A Modified Implicit Euler Algorithm for Solving Vehicle Dynamic Equations

Abstract

Vehicle modelling is usually done by Multibody Systems. Very often the overall model consists of several subsystems, like the vehicle framework, the drive train and the steering system. Due to the tire forces and torques and due to small but essential compliances in the axle/wheel suspension systems the resulting differential equations are stiff. To improve the model quality dynamic models for some components like damper, and rubber elements are used. Again these models contain stiff parts. If the implicit Euler Algorithm is adopted to the specific problems in vehicle dynamics a very effective numerical solution can be achieved. Applied to vehicle dynamic equations the algorithm produces good and stable results even for integration step sizes in the magnitude of milliseconds.
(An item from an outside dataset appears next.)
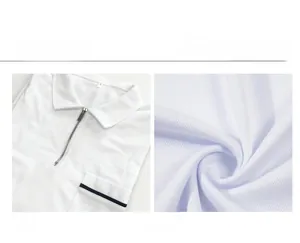 Détail du polo blanc en tissu respirant avec des rayures bleu marine sur la poche poitrine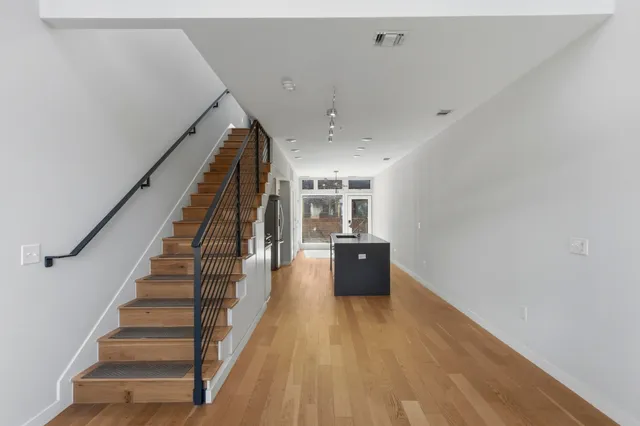 a view of entryway with wooden floor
As it gets along with a minimum number of operations a very good run time performance is guaranteed. Hence, even with very sophisticated vehicle models real time applications are possible. Due to its robustness the presented algorithm is very well suited for co-simulations. The modifications in the implicit Euler Algorithm also make it possible to use a simple model for describing the dry friction in the damper and in the brake disks. A quarter car vehicle model with a longitudinal and a vertical compliancy in the wheel suspension and a dynamic damper model including dry friction is used to explain the algorithm and to show its benefits.